Microsoft posts revenue of $20.6 billion USD in its fourth quarter

Microsoft has posted a surprising revenue of $20.6 billion USD in the fourth quarter of its 2016 financial year largely due to the success of Windows 10.

As Basil Fawlty once opined ‘don’t mention the war’, don’t mention Windows Phone. Microsoft has posted a $20.6 billion USD revenue in the fourth quarter of its 2016 financial year, which is a decline of 7% year-on-year.
The company, however, achieved an operating income of $3.1 billion USD, compared to the $2.1 billion dollars it lost in the same period last year. The firm’s net income of $16.8 billion is up 38% compared to the company’s fourth financial quarter last year.
Read: Windows Phone market share is now officially below 1%
Microsoft reported year-on-year growth across every product segment and noted the successes of its Cloud business – most noticeably Office 365 and Azure, which showed the largest gains.

Unpacking the report

Exploring Microsoft’s reporting segments, which are divided into three fields – Productivity and Business Processes (Office, Exchange, SharePoint, Skype, and Dynamics), Intelligent Cloud (including Azure, Windows Server, SQL Server, Visual Studio, and Enterprise Services), and More Personal Computing (Windows, hardware, Xbox, search, and advertising), the report revealed that:

  • Productivity and Business Processes posted a revenue of $7 billion, up 5%, with an operating income of $3 billion, down 5%.
  • Intelligent Cloud revenue reached $6.7 billion, up 7%, with an operating income of $2.2 billion, down 17%.
  • More Personal Computing reported a revenue of $8.9 billion, down 4%, with a surprising operating income of $1.0 billion, up a massive 59%.

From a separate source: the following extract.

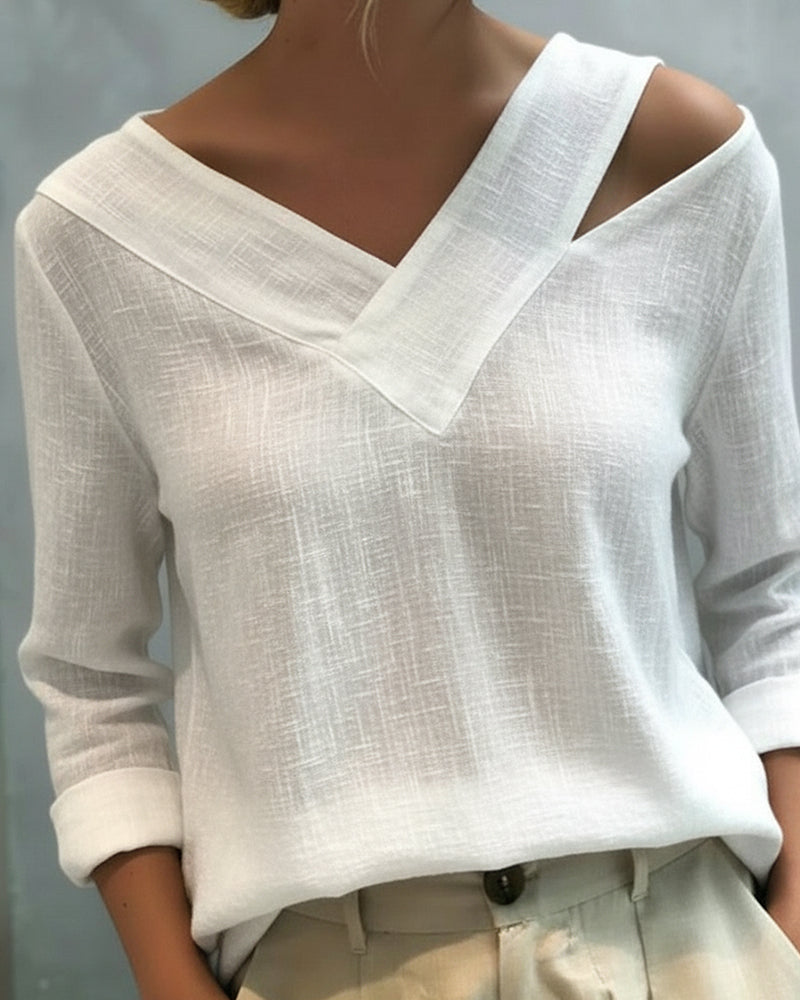 Makeeta - Elegante Top Con Cuello En V y Tirantes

The latter success is a complicated event; the report shows that consumer sales (non-Pro Windows revenue) was up by 27%, while professional Windows revenue (corporate sales) was up by just 2%.
The company continues to hemorrhage on its device sales, with total hardware sales dropping by 35%, indicative of a 71% drop in phone sales. Surface revenue rose by 9%, and posted a yearly revenue of $4.1 billion dollars.
Xbox revenue fell by 9%, but revealed a growth in gaming hours (13% on the Xbox One, 19% on Windows 10) while Xbox Live grew to 49 million monthly active users.

Surprise, surprise

The world’s least favourite search engine, Bing, showed profitable results, and posted a revenue growth of 54%. The results show just how central Windows 10 and Cortana’s use of the search platform has been – over 40% of all Bing queries came from Windows 10 devices.
While Microsoft’s failures in its hardware business – Windows 10 Mobile, particularly – offset the growth seen in Windows and Bing, the results are a positive indication for the company, which increasingly is hedging its bets on the Cloud and its Windows Everywhere strategy.

A new hope

Should the firm proceed to introduce a Surface Phone to complement its lineup of Surface hybrid laptops, the company could move to recoup the loss it has seen on its Nokia acquisition should it produce a successful device. The move is a likely one, as Microsoft’s Corporate Vice President for Surface Computing, Panos Panay, recently stepped in to take over the company’s mobile hardware business.